For many homeowners, refinancing is an effective tool for gaining access to lower mortgage payments and other benefits. But refinancing might not be right for everyone, especially if you have a poor credit score or complicated financial situation.
It’s important to know what to expect before you refinance, so follow these tips to make sure you understand all the steps of the process and have realistic expectations of what refinancing might provide.
Before we proceed to give you the tips, let first of all understand what exactly refinancing is.
What Really is Refinancing?
Refinancing is the process of getting your existing mortgage or home loan to a new, lower interest rate.
It is one of the most popular ways people reduce their debts when available funds seem insufficient to meet their payments.
If the interest rate on your existing mortgage or home loan is more than what is offered by credit cards or other lenders, refinancing may be best for you. This is why it is important to understand how refinancing works before beginning your search.
8 Tips for Homeowners Who Want to Refinance
- Know Your Credit Score: Before you can refinance your current loan, you must know your credit score. Your credit score is a number that appears on your credit report. It represents the risk that your lender takes on when you borrow money. The higher your score, the less interest you will pay on your loans and other payments will be handled more quickly by lenders. When you have a high credit score, it becomes harder for you to be rejected for a new loan because lenders have more confidence in your ability to pay off your existing debt.
- Know Your Taxes: When you refinance your existing mortgage, be sure to read and understand the tax implications of each step of the process. In particular, know the impact of capital gains and tax-free bonds on your net worth before signing anything away for fear of losing access to funds later on. You may also wish to consult with a tax professional or other competent person before beginning any tax planning activity — particularly if refinance offers are being made available.

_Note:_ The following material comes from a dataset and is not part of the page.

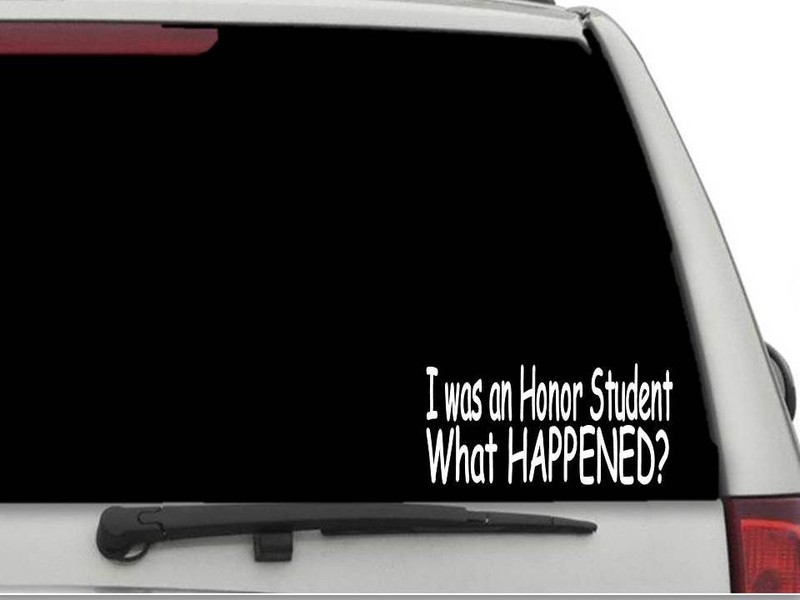 I WAS AN HONOR STUDENT WHAT HAPPENED? Sticker Decal FREE SHIPPING Car CW3875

- The Costs of Refinancing: It’s important to know the costs of refinancing before you do so. Refinancing will help you eliminate debts faster, but it also carries the risk of bringing new debt onto your balance sheet. This is why you should be sure to compare rates before going forward. Kiwis can head over to compare refinancing rates with mortgages.co.nz/mortgage-rates. If you decide to refinance without knowing the costs, it could be an investment that pays off in greater profits later but at the risk of blowing your new savings on previously existing debt.
- Know Your Debt-to-Income Ratio: When you buy a house, the cost is not the only factor that counts. Also important is how much debt you have. The more debt you have, the harder it is to pay off the balance when purchased. This is why it is important to identify your debt-to-income ratio—or how much debt you have relative to your disposable income—before refinancing. This ratio serves as an important signal to lenders that you can manage your expenses responsibly and are likely to be at good risk of defaulting on payments in the future.
- Understand Your Equity: When looking to refinance your loan, or if you already have one, it’s important to know your equity. Equity means the amount of money remaining in your loan after all payments have been made and if you pay off the loan in full before the due date. With equity, you can focus solely on paying down your debt instead of worrying about how much more you might be owing on the new loan.
- Be sure refinancing is cheaper for you: Refinancing your house can be a big step, but it is not something you should do lightly. It’s important to understand all the pros and cons of refinancing before you sign on the dotted line with a lender. Do you know how to calculate savings when refinancing a mortgage? There is a lot of hype about refinancing and many homeowners want to know if they should refinance. When refinancing, there could be additional fees that make it not worthwhile. Be sure to discover if your refinancing will be cheaper.
- Shop around for a mortgage lender: When you decide that it’s time to refinance your home, there are two important things you can do to make sure you get the most out of the deal. The first is to shop around for a good mortgage lender and the second is to go into refinancing with your eyes wide open. Before refinancing, it’s important to understand how to shop for a mortgage lender. You don’t just want the first offer you get on the internet. This would be like buying a television without shopping around first. What if the price depends on the store or brand? Sometimes, it comes down to how much of a hassle you’re willing to put yourself through on your refinance process.
- Ask about additional costs: Homeowners make mistakes when refinancing a home loan by not asking about additional costs. These costs can add up to thousands. There are usually costs associated with the refinancing process you might not be aware of, like: appraisal fees, title insurance and loan origination fees. So before you refinance, make sure you know about these additional costs and whether they fit into your savings plan. Don’t rush into refinancing your home loan without knowing what you could get hit with. Asking about additional costs could prevent all sorts of potentially pricey surprises.
Using these tips and tricks can make your refinancing experience a lot more pleasant. It is important to understand your refinance options, keep in touch with your lender, and know your financial situation.
Take advantage of these refinancing tips when getting the process started and prepare for a smooth sailing experience.